Schilling, Heinz: Confessional Europe
These characteristic trends of the confessional age did not spread unchecked. After the mid-seventeenth century a change came over Catholic female education, as “the elan of the founders was shattered, and the discrepancy between male and female education began to grow again.” The same thing happened to “the matriarchal model of the family” and the active participation of women in “the priesthood of all believers.” (78) These changes show that in the history of gender relations, as in other areas, the nineteenth-century “barriers” to women were not direct products of the Reformation and confessionalization, but rather the results of later retreats from the modernizing impulses they unleashed.
The Confessional Cultures
The degree to which confessionalization shaped Europe’s cultures can only be suggested here. In art and literature the measured harmony of the Renaissance gave way to the nervous dynamics of the Baroque, which stood in the zone of tension between insecure fragmentation and a fervent security of faith. Theodore K.Rabb has interpreted this change as the search of a deeply unsettled age for a new security. (79) This “struggle for stability” developed in alliance with the confessionalizing process and manifested itself in art. The Baroque was congenial to confessional Europe, because it resacralized art following its desacralization by the Renaissance. As in politics and society, however, this meant not a return to a predominantly ecclesiastical art, as in the Middle Ages, but a new union of sacred and profane in art and culture which opened the way, over the long run, to secularization.
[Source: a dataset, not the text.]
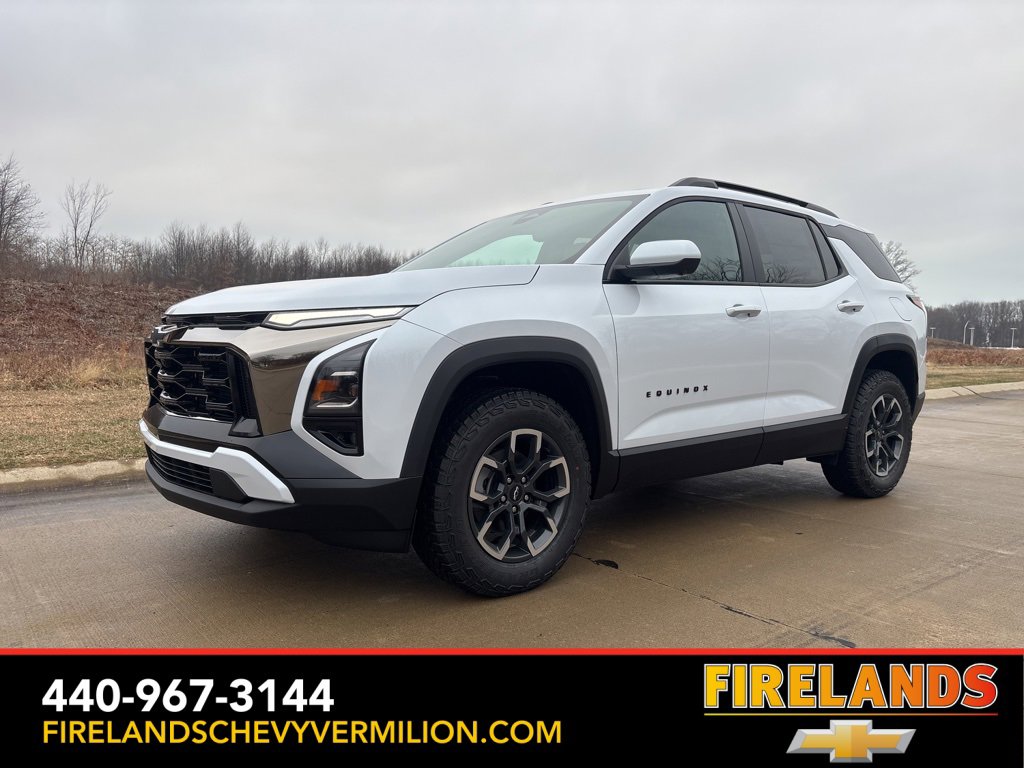 New 2026 Chevrolet Equinox ACTIV w/ Convenience Package III image 1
The Baroque was an expression of confessional Europe, too, in that it made -and makes, as any traveler to Central Europe can see- the religious schism visible. Differences between North and South aside, the Renaissance style was unified and international, just like the humanist republic of letters. The Baroque, by contrast, was fragmented and torn, chiefly along confessional lines. At first glance, this difference may seem to contradict our thesis of the functional equivalence of Protestant and Catholic confessionalization, for how could one conceive a greater incompatibility than that between the riot of color, form, and life of the southern, image-oriented Catholic Baroque and the cool, northern sobriety of the rationally controlled word-and oratorio-oriented Protestant Baroque? (80)
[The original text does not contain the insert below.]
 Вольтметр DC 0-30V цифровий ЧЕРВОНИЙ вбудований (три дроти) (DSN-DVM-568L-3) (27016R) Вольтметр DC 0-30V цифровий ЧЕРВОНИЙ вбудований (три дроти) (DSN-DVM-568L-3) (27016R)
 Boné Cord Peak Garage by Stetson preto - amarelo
The Baroque cultures nonetheless did exhibit trans-confessional similarities, notably in church and architecture, where a common rationality and deliberate effect reigned. This is true of the precisely emotional purpose aimed at by Jesuit architecture, the model of which was the Il Gesu in Rome, built in the 1570s. It is also true of Salzburg Cathedral and of the Church of the Fourteen Saints in Franconia, and of new Protestant churches, such as Hendrik de Keyser’s (1567-1621) in the Netherlands and Christopher Wren’s Saint Paul’s in London. The same could be said, moreover, of the Baroque palace architecture of both the Catholic and Protestant courts. And also of painting, where the extremes are marked by the heavenward-looking holy humans and human saints of a Guido Reni (1575-1642), on the one hand, the Biblical scenes of Rembrandt van Rijn (1606-69) on the other. The genres and manners of expression of these pictures are undeniably quite different, but their spirits reveal a common rationality and striving for effect. If one accepts the rational program of color, form, and light in Italian and Spanish Baroque painting and in the great churches of Catholic Europe, one cannot deny that this southern, image-oriented Baroque is of a no less modern character than the Protestant Baroque of northern and western Europe. The ideal-typical postulate of their opposition, which reflects the prejudices and cliches of the Enlightenment and the nineteenth century, thus needs to be relativized.